Screenwriter Justin Kuritzkes – a novelist and playwright who transitioned to the silver screen with this work – brings literary scope and depth to the events as documented here. The flashbacks follow the structure of the match, with the action rising in bursts of intense energy and breaking following a sort of emphatic finish, be it a cutting barb or action, and its chronological grouping resembles sets, with decades worth of frustration escalating the conflict until Match Point. Kuritzkes has an intense empathy for his characters but sees them with as close to an unbiased clarity as he can get – even if we’re witnessing a flashback rooted in a specific perspective, it’s not Rashomon, with the truth being the truth. We, and the characters, can ponder motivations and dig into the characters’ backgrounds. Still, there’s a kind of high-level survey that keeps us kind of impartial and also opens up each one of our protagonists to ridicule. But Guadagnino leans into his perspective on tennis – with Tashi’s axiom that tennis is just a form of conversation acting as a kind of thesis statement for how the film operates – and underscores each argument by using the same extract from the Reznor/Ross score (a truly fantastic outing from the pair) that accompanies the on-court action as the chosen score for each argument our characters get into.

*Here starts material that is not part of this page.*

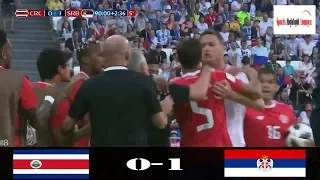 Costarica vs serbia All Goals & Highlights fifa 2018 world cup russia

It’s in the way that Guadagnino and Kuritzkes communicate the professional athlete’s worldview through their characters and this structure that the comparison to Eastbound and Down presents itself. All of Kenny’s interpersonal conflicts are external manifestations of the way he sees the world from the mound – unless you’re there to field the ball when he allows a batter to get a hit, you’re most likely the person he’s hurling fastballs at – and the piece-by-piece way in which all of his interactions lead him towards a goal (fame, etc.) mirrors his path to the World Series in earlier parts of his career. The length of the baseball season lends itself well to television, but Challengers preserves the ephemeral nature of a championship game. We learn the context, realize the stakes, watch as our core trio makes their way to Match Point, and celebrate the astonishing release that follows the final point. The pair behind the scenes and the trio in front are working at the top of their game, and each seizes the moment. If this is Zendaya’s big moment in which she fully moves into the world of “adult” cinema (as opposed to TV soaps and sci-fi epics), it’s one hell of an audacious one.Faist and O’Connor are deliriously strong as a pair of recognizable athlete stereotypes who still transcend the cookie-cutter boundaries of that descriptor. Ultimately, Challengers is everything its audience writes onto a high-stakes tennis match when they watch one in real life – breezy, dramatic, intense, absurdly funny, weirdly sexy, and, above all else, thrilling to witness unfold.